Western Kentucky University students, faculty and area residents have a smoother
commute with the addition of a modern roundabout near the southern campus gateway.
An existing four-way signalized intersection located at U.S. 31W (Nashville Road)
and U.S. 231X (University Boulevard) was causing significant traffic congestion
and safety concerns. Between 2001 and 2011 there were over 500 accidents at this
busy intersection. Burgess & Niple (B&N) designed a new two-lane roundabout to replace
the signalized intersection that has improved traffic flow, safety and mobility
for area motorists, bicyclists and pedestrians.
Improved Traffic Flow and Safety
The continuous movement of traffic through the modern roundabout at this intersection
helps reduce congestion and delays. The new roundabout improved safety by reducing
the number of potential conflict points. Typically, modern roundabouts reduce vehicular
conflict points from 32 at a standard intersection to eight. Roundabouts reduce
pedestrian conflict points from 24 at a standard intersection to eight. In addition,
roundabout geometrics encourage speed reduction, which in turn reduces crash severity.

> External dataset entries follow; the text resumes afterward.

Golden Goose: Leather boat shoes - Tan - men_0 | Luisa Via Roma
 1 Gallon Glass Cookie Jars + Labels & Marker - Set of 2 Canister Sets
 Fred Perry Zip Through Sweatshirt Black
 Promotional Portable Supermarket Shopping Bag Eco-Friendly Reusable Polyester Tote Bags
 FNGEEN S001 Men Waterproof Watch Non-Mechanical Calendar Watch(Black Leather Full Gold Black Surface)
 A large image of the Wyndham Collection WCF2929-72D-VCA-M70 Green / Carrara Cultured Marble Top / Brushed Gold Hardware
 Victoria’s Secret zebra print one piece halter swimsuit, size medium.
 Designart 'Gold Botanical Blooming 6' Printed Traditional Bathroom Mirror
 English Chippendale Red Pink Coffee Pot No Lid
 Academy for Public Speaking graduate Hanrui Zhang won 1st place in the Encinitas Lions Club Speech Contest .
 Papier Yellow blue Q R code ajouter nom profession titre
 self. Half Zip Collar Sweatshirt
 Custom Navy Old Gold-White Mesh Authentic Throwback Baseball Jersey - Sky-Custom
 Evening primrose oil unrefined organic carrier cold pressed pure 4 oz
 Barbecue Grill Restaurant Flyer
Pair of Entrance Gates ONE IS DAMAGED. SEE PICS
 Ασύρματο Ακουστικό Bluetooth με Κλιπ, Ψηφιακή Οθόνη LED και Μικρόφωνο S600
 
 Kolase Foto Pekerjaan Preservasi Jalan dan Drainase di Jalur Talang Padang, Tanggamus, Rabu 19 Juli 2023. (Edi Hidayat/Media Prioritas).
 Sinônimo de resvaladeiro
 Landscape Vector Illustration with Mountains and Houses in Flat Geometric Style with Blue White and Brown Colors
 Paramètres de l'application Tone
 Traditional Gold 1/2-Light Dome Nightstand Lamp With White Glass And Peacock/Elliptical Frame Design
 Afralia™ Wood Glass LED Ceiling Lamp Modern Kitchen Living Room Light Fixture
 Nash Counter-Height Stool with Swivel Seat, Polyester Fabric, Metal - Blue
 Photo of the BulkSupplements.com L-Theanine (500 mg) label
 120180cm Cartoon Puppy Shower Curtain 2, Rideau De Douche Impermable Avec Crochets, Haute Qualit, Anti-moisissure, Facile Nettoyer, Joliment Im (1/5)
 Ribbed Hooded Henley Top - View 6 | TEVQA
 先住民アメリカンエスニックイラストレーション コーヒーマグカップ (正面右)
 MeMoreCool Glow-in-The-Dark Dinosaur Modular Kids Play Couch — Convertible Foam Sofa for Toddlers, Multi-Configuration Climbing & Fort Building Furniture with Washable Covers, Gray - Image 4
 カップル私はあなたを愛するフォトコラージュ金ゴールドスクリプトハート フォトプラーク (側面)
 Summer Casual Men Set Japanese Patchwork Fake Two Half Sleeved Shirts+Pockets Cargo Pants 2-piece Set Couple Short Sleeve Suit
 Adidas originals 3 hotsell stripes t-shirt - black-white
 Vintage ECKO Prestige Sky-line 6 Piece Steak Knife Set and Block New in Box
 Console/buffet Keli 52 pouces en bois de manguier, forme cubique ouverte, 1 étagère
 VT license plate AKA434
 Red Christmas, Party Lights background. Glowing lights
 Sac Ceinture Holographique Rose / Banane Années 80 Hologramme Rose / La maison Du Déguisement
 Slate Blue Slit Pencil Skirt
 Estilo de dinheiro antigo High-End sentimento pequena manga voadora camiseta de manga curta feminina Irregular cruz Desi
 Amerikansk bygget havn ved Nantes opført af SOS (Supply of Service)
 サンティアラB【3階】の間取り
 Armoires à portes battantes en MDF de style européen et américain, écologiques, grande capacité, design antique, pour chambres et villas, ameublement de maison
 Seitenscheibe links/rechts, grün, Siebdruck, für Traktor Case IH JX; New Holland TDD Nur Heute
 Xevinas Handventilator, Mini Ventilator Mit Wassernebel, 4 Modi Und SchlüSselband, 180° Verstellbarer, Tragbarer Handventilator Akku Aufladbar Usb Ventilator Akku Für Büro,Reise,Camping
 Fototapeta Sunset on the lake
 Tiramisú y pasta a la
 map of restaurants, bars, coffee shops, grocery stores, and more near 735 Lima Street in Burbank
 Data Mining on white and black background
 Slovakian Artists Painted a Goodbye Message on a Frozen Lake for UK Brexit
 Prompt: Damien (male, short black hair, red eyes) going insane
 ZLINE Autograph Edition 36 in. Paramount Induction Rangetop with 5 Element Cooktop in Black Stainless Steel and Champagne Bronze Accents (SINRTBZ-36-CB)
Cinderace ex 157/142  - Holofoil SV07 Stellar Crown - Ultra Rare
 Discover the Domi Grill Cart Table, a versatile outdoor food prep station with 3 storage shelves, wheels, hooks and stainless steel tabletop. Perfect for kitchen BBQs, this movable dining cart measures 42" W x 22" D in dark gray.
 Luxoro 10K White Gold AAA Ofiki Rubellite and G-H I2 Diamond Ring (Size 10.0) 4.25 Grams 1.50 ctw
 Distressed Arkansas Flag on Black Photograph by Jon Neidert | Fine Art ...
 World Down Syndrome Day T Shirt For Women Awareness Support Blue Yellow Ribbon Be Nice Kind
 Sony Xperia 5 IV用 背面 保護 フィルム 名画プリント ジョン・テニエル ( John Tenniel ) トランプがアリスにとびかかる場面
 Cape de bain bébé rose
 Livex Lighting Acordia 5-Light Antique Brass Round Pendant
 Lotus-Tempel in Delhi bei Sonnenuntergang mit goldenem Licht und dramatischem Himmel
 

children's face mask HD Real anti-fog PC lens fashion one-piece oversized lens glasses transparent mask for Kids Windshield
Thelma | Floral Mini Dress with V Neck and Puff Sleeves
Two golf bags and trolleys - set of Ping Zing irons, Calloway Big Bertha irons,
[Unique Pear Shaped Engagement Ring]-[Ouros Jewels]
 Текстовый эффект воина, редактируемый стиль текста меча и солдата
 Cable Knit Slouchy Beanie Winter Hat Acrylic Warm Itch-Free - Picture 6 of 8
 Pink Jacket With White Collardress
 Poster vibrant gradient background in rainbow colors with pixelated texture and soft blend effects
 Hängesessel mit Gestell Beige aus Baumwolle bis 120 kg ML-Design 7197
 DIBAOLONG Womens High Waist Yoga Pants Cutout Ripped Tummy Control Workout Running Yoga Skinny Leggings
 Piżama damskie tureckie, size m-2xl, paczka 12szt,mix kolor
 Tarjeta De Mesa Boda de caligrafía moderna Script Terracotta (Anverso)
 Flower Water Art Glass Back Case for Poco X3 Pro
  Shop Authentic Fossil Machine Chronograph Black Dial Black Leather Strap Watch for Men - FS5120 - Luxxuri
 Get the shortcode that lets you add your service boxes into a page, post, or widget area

Just north of the intersection, left-turning movements onto Chestnut Street, and
other side streets, significantly contributed to the back-ups and delays. To address
this, a raised median, north of the roundabout, was extended to eliminate left-hand
turns onto Chestnut from US 31W. All left-turn traffic from Chestnut is now directed
through the roundabout. These changes also have improved safety and overall traffic
Reduced Construction Costs
To help reduce construction costs, the existing U.S. 31W two-lane road with a center
turn lane was restriped to become two southbound lanes and one northbound lane south
of Oaklawn Way. Using the center turn lane as an additional lane eliminated the
need to widen the existing road. In addition to costing more to construct, widening
the road would have required the purchase of additional right of way and the relocation
of existing utilities. This roundabout also costs less to operate than the original
signalized intersection because it does not require electricity.
Minimal Impact on Local Traffic
The project schedule was expedited so that construction could take place over Western
Kentucky University’s summer break to reduce the impact on local traffic. In addition,
a phased construction approach allowed traffic to keep moving through the intersection.
First, motorists used the existing road while the majority of the roundabout was
built next to it. Then traffic was shifted to the newly constructed pavement while
the remaining portion was built. This approach allowed the intersection to remain
open for all but eight days during construction.
Honors and Awards
The Bowling Green Roundabout project received a 2015 Transportation Improvement
Award from the American Society of Highway Engineers (ASHE) Derby City
Section in the “$5 Million and Under” category.